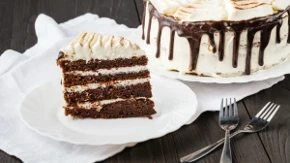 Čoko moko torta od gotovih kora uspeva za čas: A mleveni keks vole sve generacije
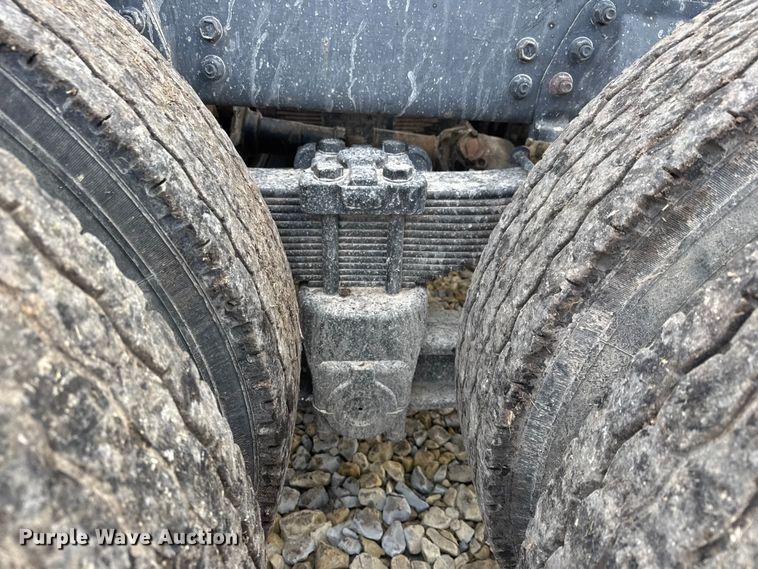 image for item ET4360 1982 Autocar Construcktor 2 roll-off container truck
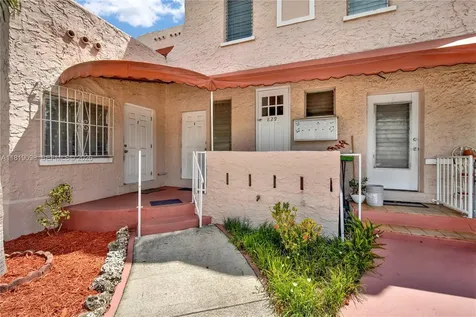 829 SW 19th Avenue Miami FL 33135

...

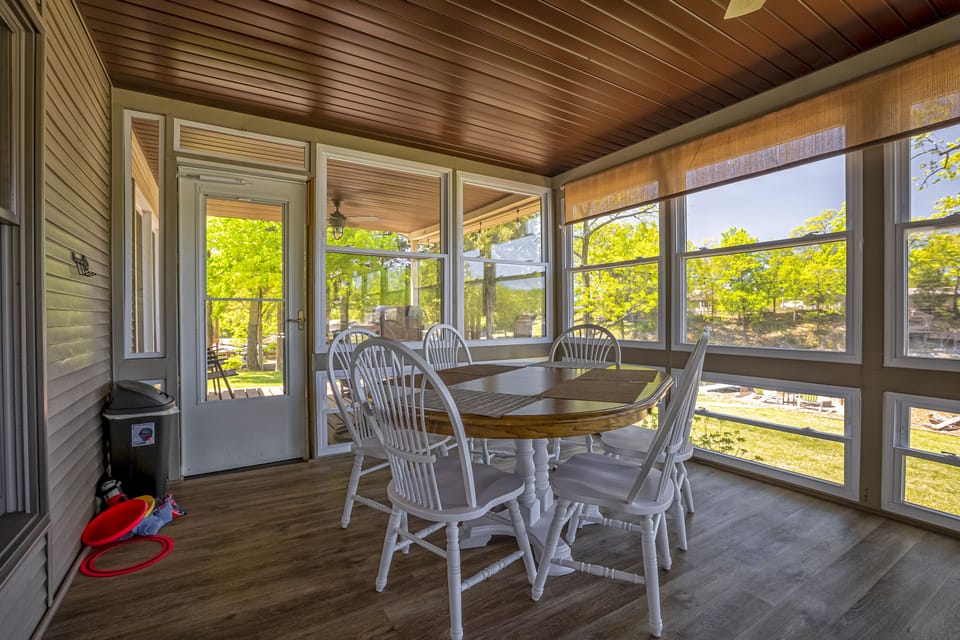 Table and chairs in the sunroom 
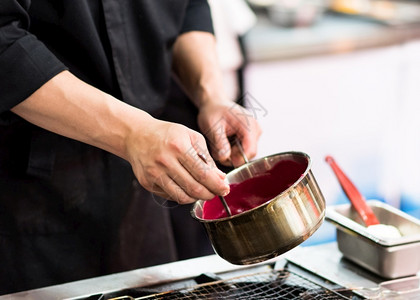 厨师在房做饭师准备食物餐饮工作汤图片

--

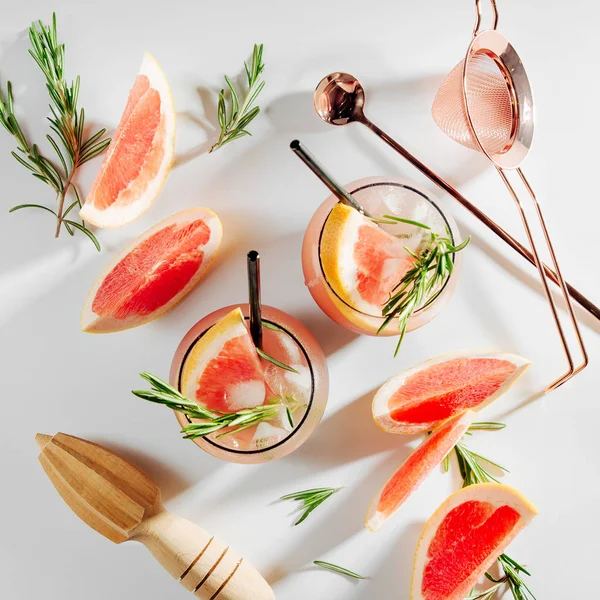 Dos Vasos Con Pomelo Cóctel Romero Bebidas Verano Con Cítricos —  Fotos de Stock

**Work to be completed**:
All lines above starting at the one with "Čoko moko torta" and ending at the one with "829 SW 19th Avenue Miami FL 33135", inclusive, are to be printed again exactly, with the pictures left out.

**Output for this exercise**:
 Čoko moko torta od gotovih kora uspeva za čas: A mleveni keks vole sve generacije
 image for item ET4360 1982 Autocar Construcktor 2 roll-off container truck
 829 SW 19th Avenue Miami FL 33135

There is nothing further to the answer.